学校では先回りしてサポートしてくれる親はいません。また、お腹がすいて泣いて母乳ミルクをほしがることをしてこなかった場合は、ここにきて子供社会で困ったことや不満を主張することが上手にできず、一人でいることにとても大きな不安を覚え、やがて現実から逃げるように自宅に引きこもるようになることもあります。
過干渉な毒親と反抗期
現代は、将来有名大学に入学させるためになどと言って、幼い頃から塾に通わせることは普通の事とも認識されるようになりました。
子供本人が塾で勉強することを望んでいるなら、問題はないでしょう。しかし、本当は塾に通いたくないのに、兄や姉がすでにお受験を乗り越えて有名進学校に入学しているから、あなたも入学して当然と思われていて、本人の意思は無視されているとなればそう思わせている親は毒親です。
また、食育という言葉も頻繁に使われて、国を挙げて改革をしていることに加えて、栄養に対する関心も高まっていることから、食に対してとても神経質になり、子供が口にする食べ物すべて気を付けていますという親も、毒親になっている可能性が高いです。
このような毒親に共通して言えることは、「すべては子供の将来の為」と思い続けていることです。さらに、「私の言ったとおりに行動すれば必ず素晴らしい将来が待っている」と言い切る毒親もいます。
このような毒親に幼い頃から育てられた子供は、だいたい中学生くらいになると手の付けられない行動を起こすようになります。
あなたの為とあれやこれやと世話を焼く毒親を煩わしく思い、非行に走り暴力的になるのはドラマや映画でもよくある場面です。毒親という言葉が世に出る前から、このような作品を見て大人になった人が今、毒親となって生活しているのですから不思議です。
食に関して言えば、親の目を盗んでお菓子や好きな物を食べていることも多く、毒親の前だけはお利口さんになっている子供の話もよく聞くエピソードです。あまりにも干渉され過ぎて強迫観念から摂食障害になる子供も多くいます。

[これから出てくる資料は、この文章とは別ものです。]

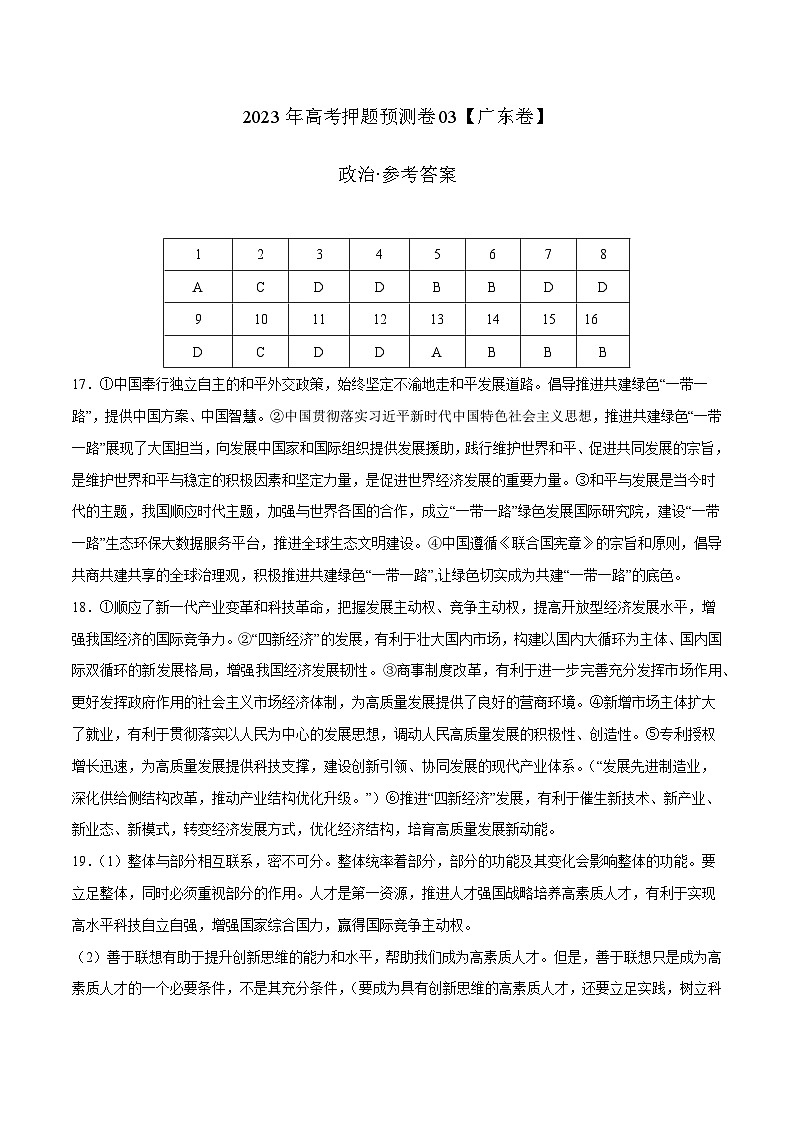 2023年高考政治押题卷03（广东卷）（参考答案）第1页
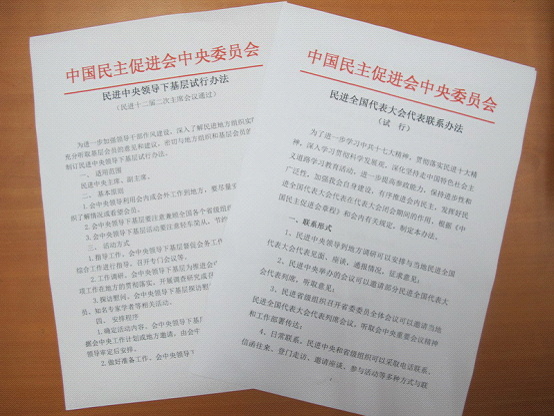 组织部五年工作总结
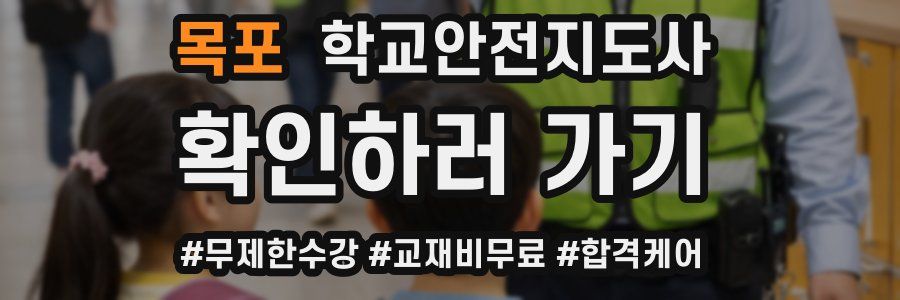 목포 학교안전지도사 자격증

また、親の敷いたレール通りに進まなくてはならないことを悲観し、自殺にまで発展することも現代社会の問題の一つと言えるでしょう。中学生になると、リストカットの跡が刻まれている子供が当たり前のように学校にいます。
毒親の子供は不幸なのか?
確かに、過保護や過干渉はよくありませんし、子供に悪影響を及ぼしますが、人間一人一人が違うので、感じ方もさまざまです。本当に自分の親が毒親かどうかも、子供本人の感じ方次第です。つまり、毒親を持ったから不幸だと思うのであれば、それは考え方や見方を変える必要があるということです。
毒親でも普通の親でも「良い親」と言われるのは、すでにこの世にいない亡くなった親だけです。いろいろあったけれども、でも良い親だったと失った後に気づくことがたくさんあります。
毒親に育てられても、あなたはあなたです。毒親に育てられたから私はこんな風になってしまったと思っているなら、自分自身に「それで?」と一言問いかけてみてください。もう毒親のせいにして生きている理由が、見当たらないはずです。
毒親という存在を作り、毒親のせいにしたかっただけの自分に気づくと思います。